The Life and Letters of Mrs. Emily C. Judson. By A. C. KENDRICK, Professor of Greek Literature in the University of Rochester. New York: Sheldon & Co. 1860.

This work is a biography of one who was born in the humblest walks of life, struggled bravely against her apparent destiny, and ultimately achieved an honorable place in literature. It narrates

her literary triumphs with fair discrimination, not too eulogistic, nor yet too censorious. She had a lively and vigorous pen, and when moved by very powerful impulses its achievements were almost those of genius. Her missionary career seems to consist largely in devotion to her famous husband. In fact, the book dwells so much on her betrothal, marriage, and the subsequent love-scenes in their history, that it has more the air of a novel than of the veritable history of a Christian heroine. She was not fitted for that great work, and soon after his death had released her from her duties to him she returned home, where, after a few years of holy living, she died a triumphant death.

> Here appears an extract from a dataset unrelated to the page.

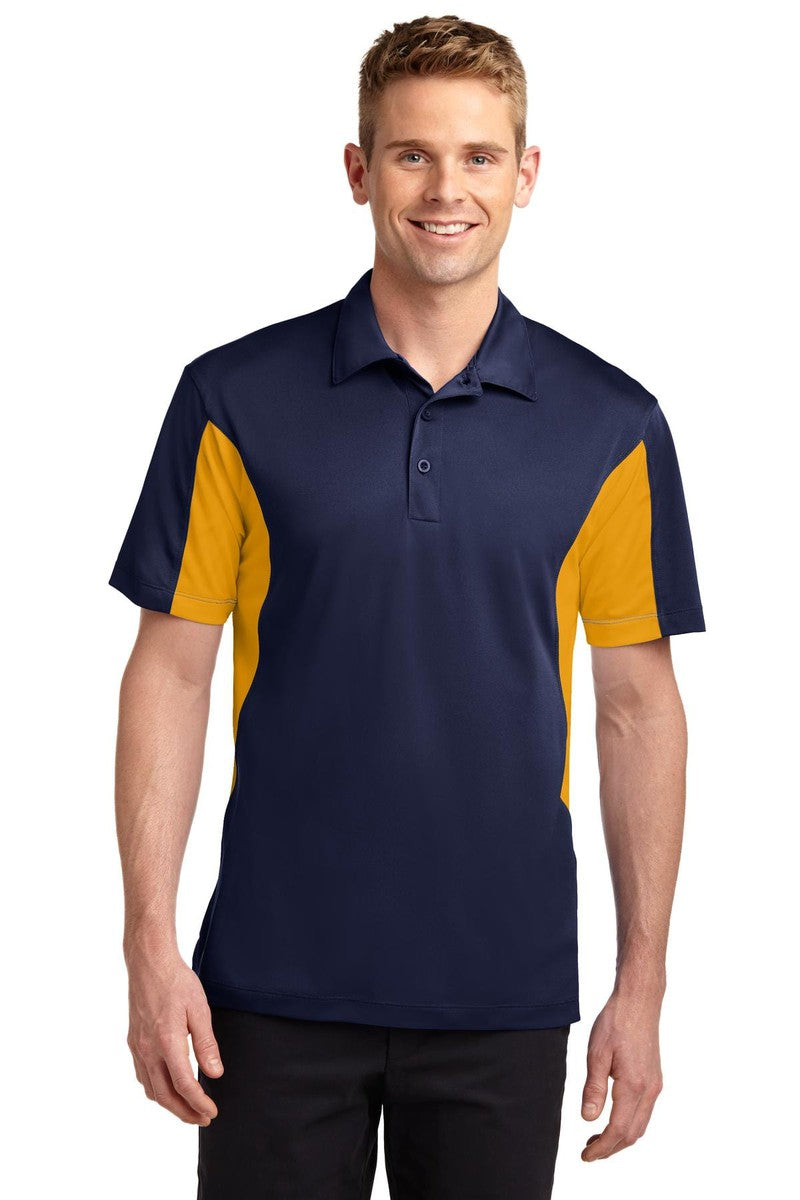 Sport-Tek Polos/Knits 5XL / True Navy/ Gold Sport-Tek ST655: Side Blocked Micropique Sport-Wick Polo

The book is written in a rather ambitious vein, as if the author were as anxious to show off himself as his subject. When will our biographers learn their true sphere of complete self-abnegation? Not for a foil to set forth their own superior excellences is the character they delineate, nor should they seek to appear as the equal of their hero, as Egyptian monarchs put their statues beside those of their gods. But simply as a friend, who hides himself benind the honored personage he is permitted to portray. Dr. Wayland's life of Dr. Judson is an admirable example of a true biography in the spirit and manner of its execution as well as in its substance.

H.

Italy in Transition. Public Scenes and Private Opinions in the Spring of 1860. Illustrated by official Documents from the Papal Archives of the revolted Legations. By WILLIAM ARTHUR, A. M., author of "A Mission to Mysore," "The Successful Merchant," "The Tongue of Fire," etc., etc. 12mo., pp. 426. New York: Harper & Brothers. 1860.

The starting of Italy into a national unity, working out in a few weeks a problem of ages, seems passing before us with a rapidity so miraculous that we stare in vague incapability of realizing the great fact, and rub our eyes to be sure of their wakeful condition. It seems too gratifying to be true, and we watch in painful anxiety lest, just at a critical moment, the pageant disappear in a flare-up, and the dirty old reality again disclose itself. Some scenes in the rapid drama, and some appalling facts of the old reality, appear before us vividly in the present volume.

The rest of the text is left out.